Shadow mask type color picture tubes usually include a screen of red, green and blue-emitting phosphor lines or dots, an electron gun for exciting the screen, and a shadow mask interposed between the gun and the screen. The shadow mask is a thin multiapertured sheet of metal precisely disposed adjacent the screen so that the mask apertures are systematically related to the phosphor lines or dots.
Color picture tubes having shadow masks with slit shaped apertures have received relatively recent commercial acceptance. One of the reasons for this acceptance is that the electron beam transmission through the mask can be made higher for a slit-mask, line-screen type of tube than for a circular-apertured mask, dot-screen type tube. Even though the use of a slit mask provides a definite advantage in electron beam transmission, however, this transmission can be increased even further than is practiced in the present art.

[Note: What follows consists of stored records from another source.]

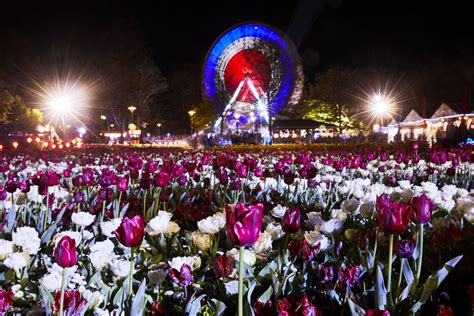 Floriade NightFest 2024 | Local Events | Novotel Canberra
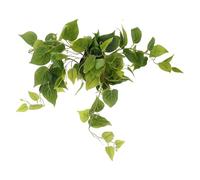 Decorative Artificial Pothos Plant Realistic Fake Greenery Low Maintenance for Home and Office Spaces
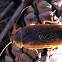 Table Mountain Cockroach (Male)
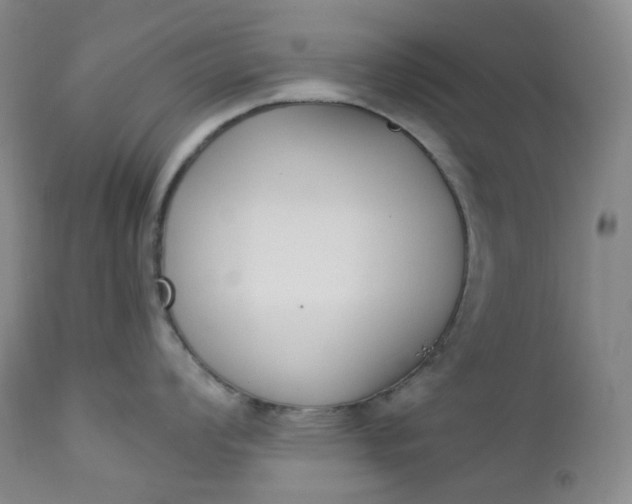 X0000112861008200909041549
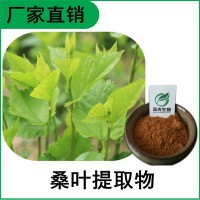 森冉生物 桑叶提取物 冬桑叶提取物 植物提取原料粉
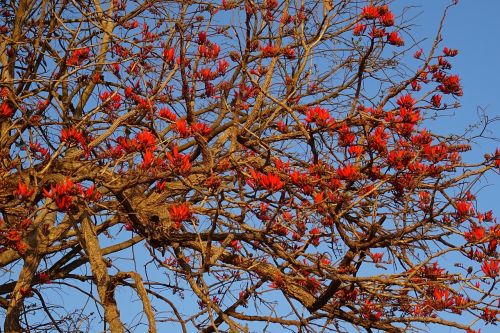 flower erythrina indian coral treee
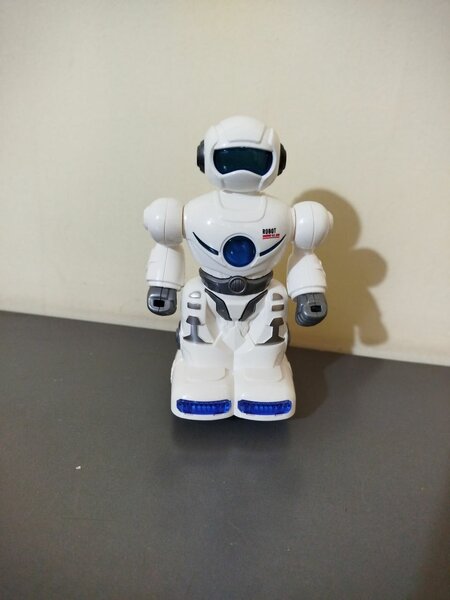 Robot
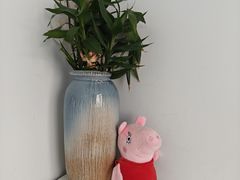 -乐天心晴·专业心理咨询(静安店)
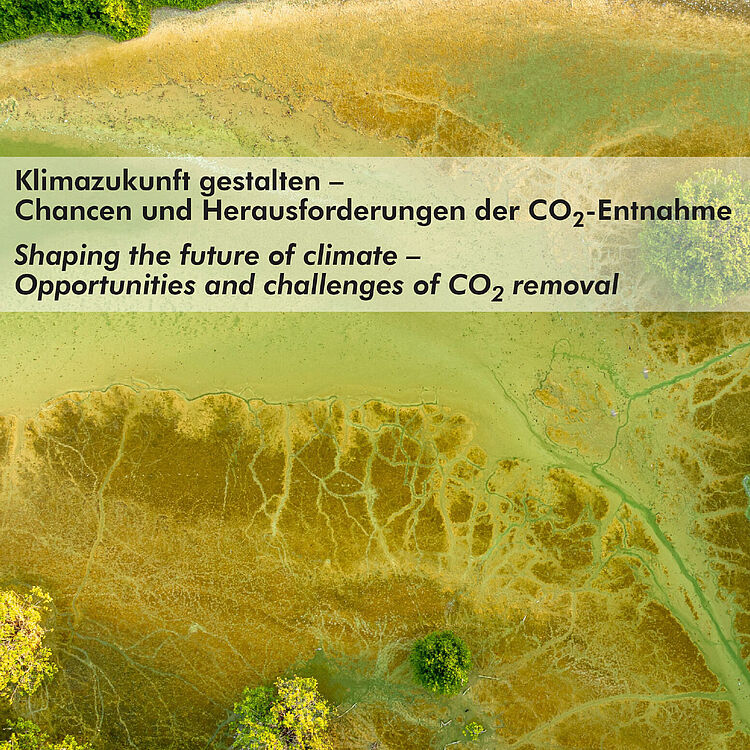 Luftaufnahme der üppig grünen Mangroven-Küste, Progreso, Yucatan, Mexiko. Darüber Titel der Ausstellung „Klimazukunft gestalten – Chancen und Herausforderungen der CO2-Entnahme“ sowie die Logos der Teilnehmenden Partner: CDRSyntra, CDRmare, CDRterra, Deutsches Museum, BMFTR.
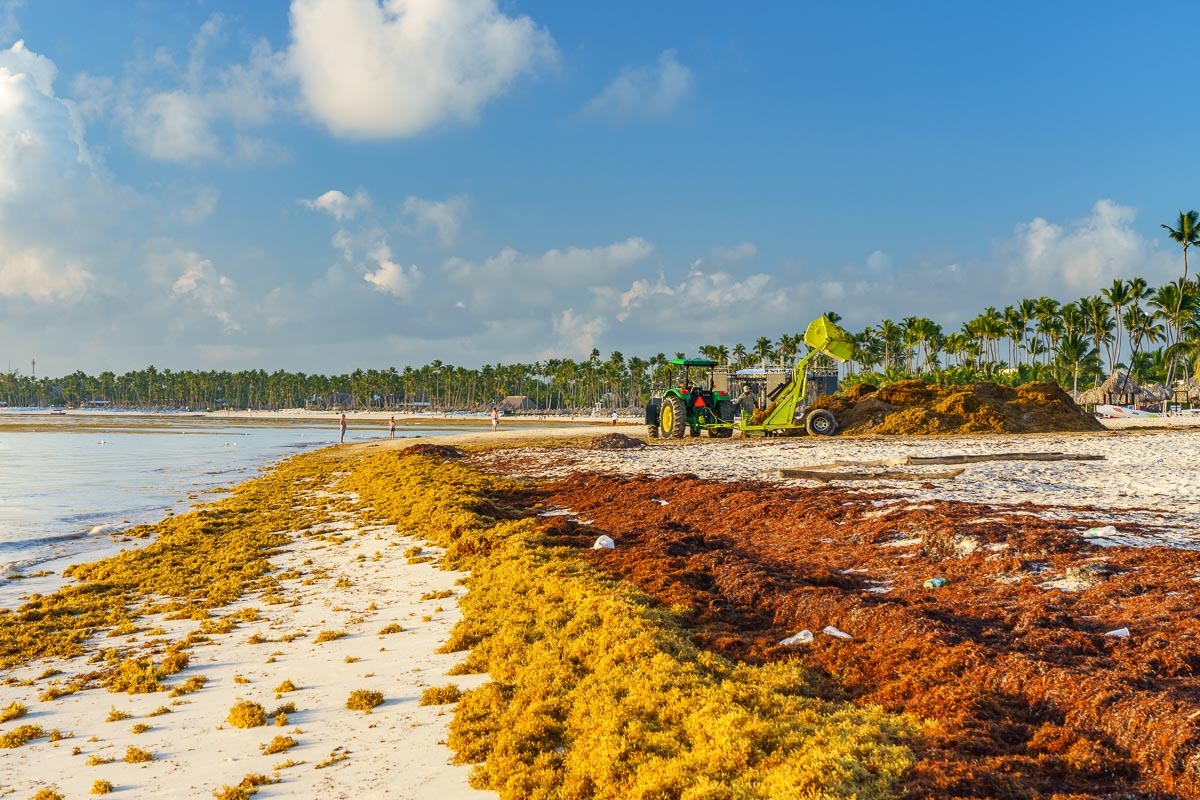 Sargassum Barrier Delayed As 25,000 Tonnes Of Seaweed Hits Beaches In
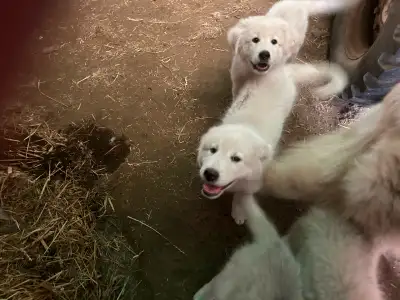 puppies for sale, View more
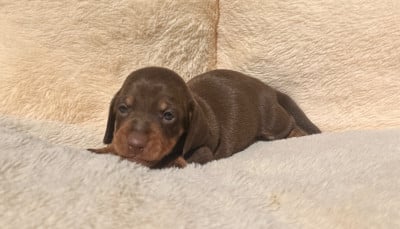 Les chiots de Teckel poil ras
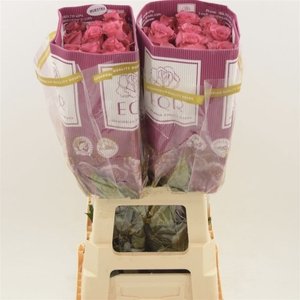 Rosa gr Ov Lola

In one type of slit shadow mask, the mask has vertically extending slit apertures which are interrupted by a plurality of spaced bridges or webs which provide mechanical rigidity. The presence of these webs, however, has an effect on electron beam transmission and thus on luminescent brightness. Such effect is greatest at the four corners of the mask, because the angles between the electron beams and a normal to the mask are greatest at the corners. With these greater angles, the electron beams strike not only the surfaces of the webs but also portions of the webs that form the ends of the slit apertures. Therefore, it is desirable to develop a mask fabrication technique which will produce a shadow mask wherein the parts of the electron beams striking the portions of the webs that form the ends of the slit apertures will be reduced or eliminated.
Shadow masks are fabricated from rolls of metal sheets, utilizing a photographic method. Such fabrication is disclosed in e.g., U.S. Pat. No. 2,750,524, issued to F. G. Braham on June 12, 1956; U.S. Pat. No. 3,199,430, issued to S. A. Brown on Aug. 10, 1965; U.S. Pat. No. 3,313,225, issued to N. B. Mears on Apr. 11, 1967; and U.S. Pat. No. 3,751,250, issued to J. J. Moscony et al. on Aug. 7, 1973. These patents are hereby incorporated by reference for the purpose of their disclosures of mask fabrication methods and related equipment.
The first step in the fabrication is to coat both sides of the metal sheet with a photosensitive material. Thereafter, the sides are photoexposed through two aligned photographic masters. Each photographic master has an array of elements corresponding to the apertures desired in the shadow mask. The elements of one master are larger than the elements of the other master so that the resultant mask apertures have larger openings facing the tube screen than facing the electron gun. Following exposure, the photosensitive material on the metal sheet is developed, and the photosensitive material at the areas corresponding to aperture locations is removed, thus exposing the metal sheet at these locations. Next, the metal sheet is etched to form apertures therethrough at the exposed locations. To obtain a desired aperture shape and a corresponding web shape, it is necessary to appropriately shape the pattern elements and position the corresponding elements of the two photographic masters.